In recent years, human organ/tissue transplants have come leaps and bounds. From life-saving heart transplants, to absolutely unbelievable face transplants, our ever-evolving medical industry appears to be entering the sci-fi realm.
One group of people can find great solitude in these life-changing transplants are the men and women who return from fighting wars with severe and devastating injuries.
We have all seen the horrific and poignant images of male soldiers who have lost their legs from the waist down and felt great sorrow. However, I can honestly never say that I’ve never even considered what damage had been done to the genitals.
Maybe that’s because it’s not as visually clear as the loss of an arm or a leg, or maybe is simply out of respect, but genitourinary injuries are often not spoken of.
Sex is an important part of any loving relationship, and if an injury has caused a male soldier to lose his penis, then this can have extremely negative effects on his mentality and can create a difficult strain between his partner.
It’s not selfish or inconsiderate, it’s simply human nature.

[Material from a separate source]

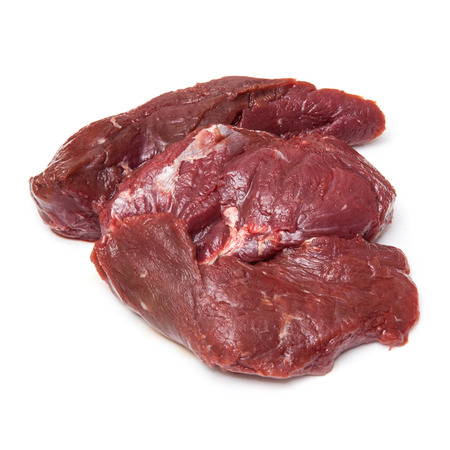 Uncooked Kangaroo meat steaks isolated on a white studio background.の写真素材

However, one group of doctors who are optimistic that they can bring some hope back into the bedroom of these soldiers are the surgeons at Johns Hopkins University School of Medicine, who will soon be undertaking their first attempt at a penis transplant.
If the first trials of penis transplants are successful, then the surgeons believe the recipients will regain urinary function, sensation and even the ability to have sex.
It also means that these men may even be able to father children and start families with their loved ones.
This is how life changing this surgery will be – it will literally mean that new life can be welcomed into this world.
Although there are hopes that anyone who needs this transplant will soon be able to be put on the list, for now, the transplants will be offered only to those members of the military who have suffered injuries to their penis and/or testicles whilst serving in combat.
The chairman of plastic and reconstructive surgery at John Hopkins, W.P Andrew Lee, recently told The NY Times;
“These genitourinary injuries are not things we hear about or read about very often. I think one would agree it is as devastating as anything that our wounded warriors suffer, for a young man to come home in his early 20s with the pelvic area completely destroyed.”
In reality, The Times reports that 1,367 men in military service sustained injuries to their genitals between 2001 and 2013.
These types of injuries are very often caused by IEDs. A 2010 article in the Canadian Medical Association Journal suggested that 12% of all war injuries involved genitourinary trauma.
And as I mentioned before, the loss isn’t just physical – it can have serious psychological, social and emotional issues as well. Richard J. Redett, the director of pediatric plastic and reconstructive surgery at Johns Hopkins, also told The Times;
“To be missing the penis and parts of the scrotum is devastating. These guys have given everything they have.”
In fact, the University of Southern California School of Social Work’s Center for Innovation and Research on Veterans & Military Families, have discovered that, “there is a higher prevalence of depression and PTSD in those with GU trauma, as well as a slower recovery process, greater distress and more suicidal behavior than those without these types of injuries.”
Jamie P. Levine, an associate professor and chief of microsurgery at the Wyss Department of Plastic Surgery at NYU Langone Medical Centre, revealed to Mic, just how significant the penis is for men;
“Identity is a significant issue for many individuals who have sustained an injury that resulted in lost genitals, especially for younger individuals.”
It’s important to note that this type of surgery has been attempted before – twice – and only one of those transplants was deemed successful.
The transplant takes around 12 hours from start to finish, and involves stitching the patient’s nerves and arteries to those in the new penis. However, the patient will then have to take medication for the rest of their lives to prevent the body from rejecting the new organ… although, this is a very small price to pay.
Johns Hopkins are apparently well in the process of evaluating the first group of troops who’ll be receiving the surgery – the only thing left to do now is find a donor.
This news can change the lives of so many individuals. Fireman, police officers, ordinary members of the public – anyone can fall victim to these sorts of injuries, as well as transgender men looking for realignment surgery.
We’re keeping our fingers crossed that these surgeries are successful. The future really is now.